## [WHAT YOU HAVE TO DO]
Repeat exactly the lines of the material below that run from the "Romana 685. (e-könyv)" line to the "product/h/u/hummel_205593-3325_lilas_3.jpg" line, including both, and do not carry over any pictures.

## [DATASET RECORDS]

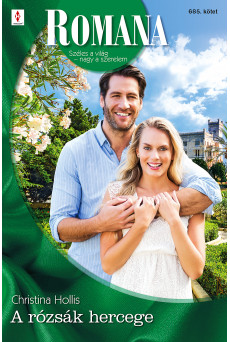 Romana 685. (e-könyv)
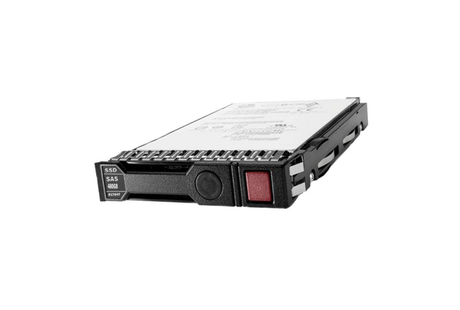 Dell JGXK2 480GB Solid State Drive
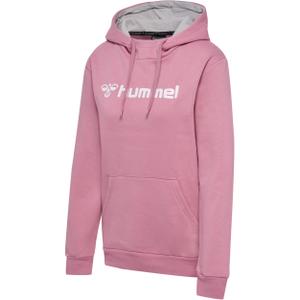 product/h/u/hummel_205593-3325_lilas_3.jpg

---

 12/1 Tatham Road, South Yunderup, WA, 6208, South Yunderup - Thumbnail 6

* * *

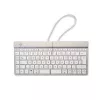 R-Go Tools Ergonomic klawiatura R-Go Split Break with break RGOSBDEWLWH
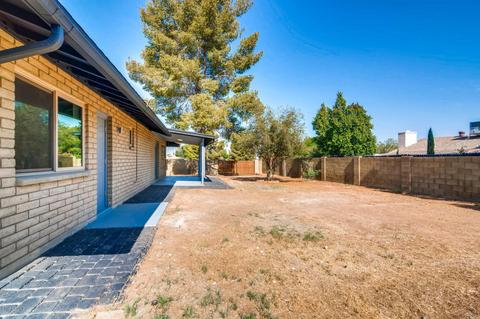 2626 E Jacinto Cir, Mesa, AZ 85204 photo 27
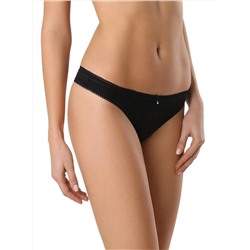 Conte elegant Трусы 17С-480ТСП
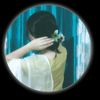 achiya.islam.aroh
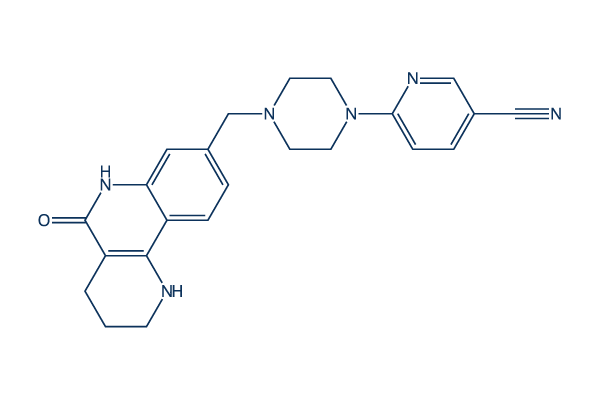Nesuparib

## [EXERCISE ANSWER]
 Romana 685. (e-könyv)
 Dell JGXK2 480GB Solid State Drive
 product/h/u/hummel_205593-3325_lilas_3.jpg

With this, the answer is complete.